> **Records supplied**
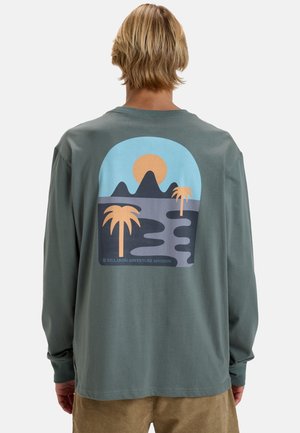 Vaaleatukkainen henkilö pukeutuu vihreään pitkähihaiseen paitaan, jonka selässä on auringonlaskun, vuorien ja palmupuiden kuvio.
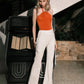 Pantalón fluido Cyanea Pants Ivory de la marca Barcés en tono marfil con bota ancha wide-leg y tiro alto – Pantalón de resortwear de lujo hecho en Colombia | Casa Precis, Concept Store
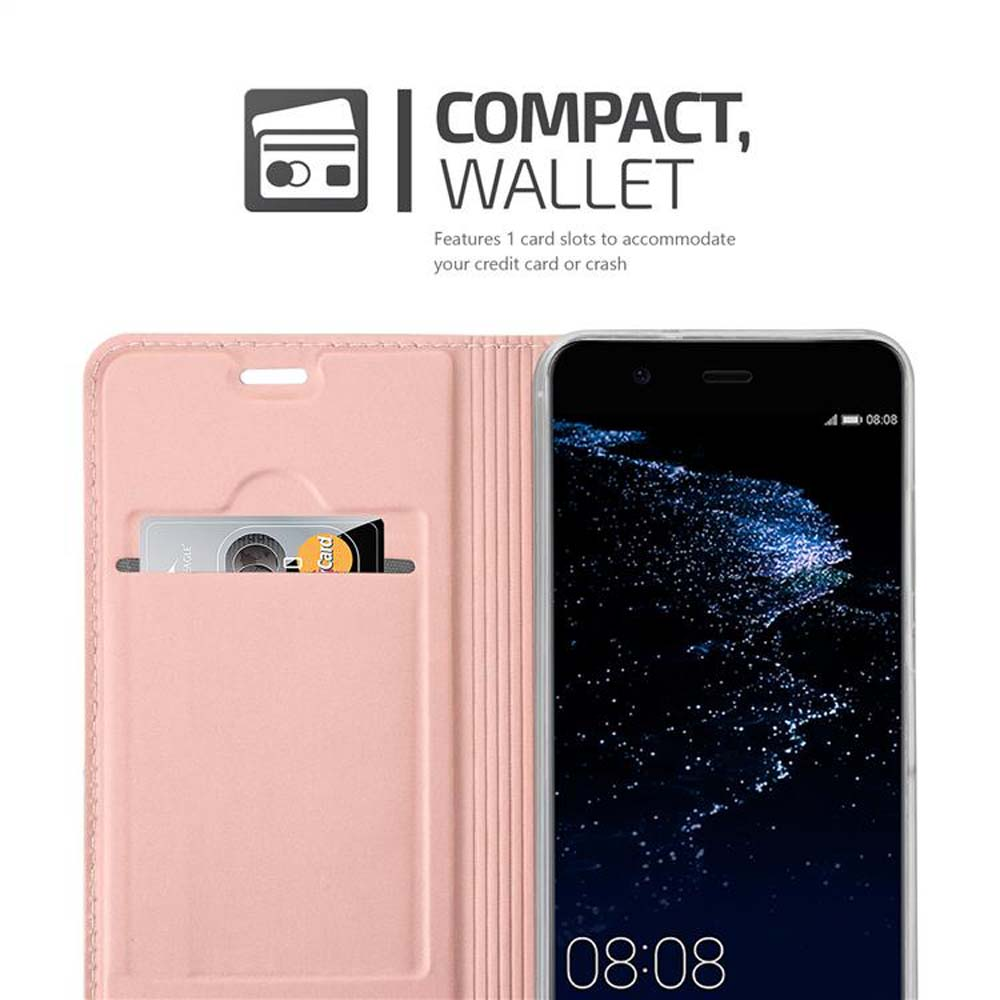 Una custodia a portafoglio rosa con una carta e uno smartphone che mostra la schermata principale.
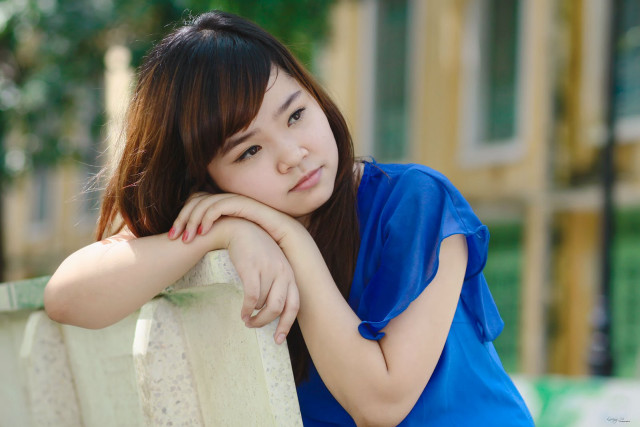 Woman leaning bench blue shirt free wallpaper for desktop - medium preview image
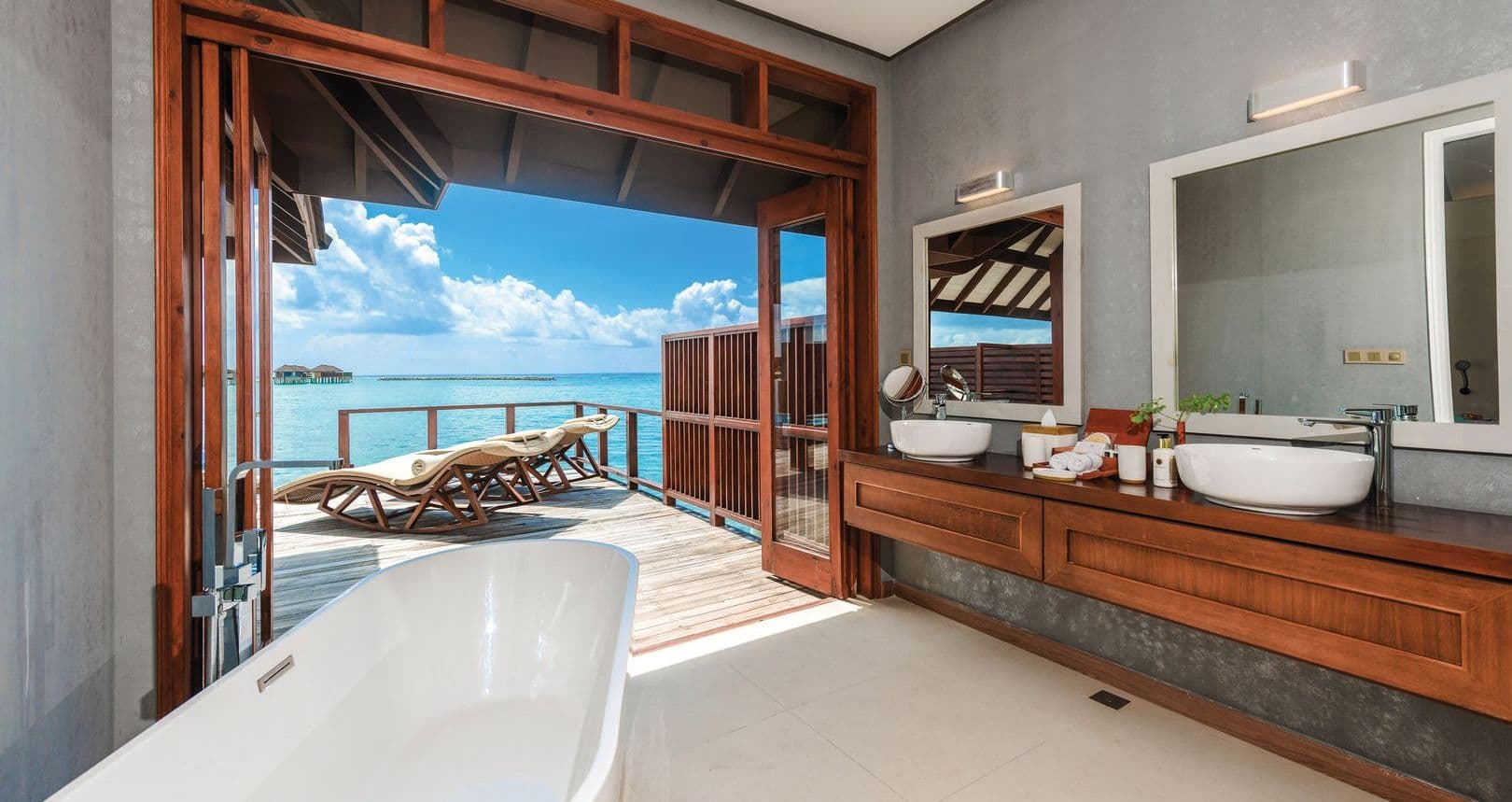 A bathroom with a bathtub and a bathtub on a deck overlooking the ocean.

> **Your instructions**
Exclude all images and return the listing word for word.

> **Exercise solution**
 Vaaleatukkainen henkilö pukeutuu vihreään pitkähihaiseen paitaan, jonka selässä on auringonlaskun, vuorien ja palmupuiden kuvio.
 Pantalón fluido Cyanea Pants Ivory de la marca Barcés en tono marfil con bota ancha wide-leg y tiro alto – Pantalón de resortwear de lujo hecho en Colombia | Casa Precis, Concept Store
 Una custodia a portafoglio rosa con una carta e uno smartphone che mostra la schermata principale.
 Woman leaning bench blue shirt free wallpaper for desktop - medium preview image
 A bathroom with a bathtub and a bathtub on a deck overlooking the ocean.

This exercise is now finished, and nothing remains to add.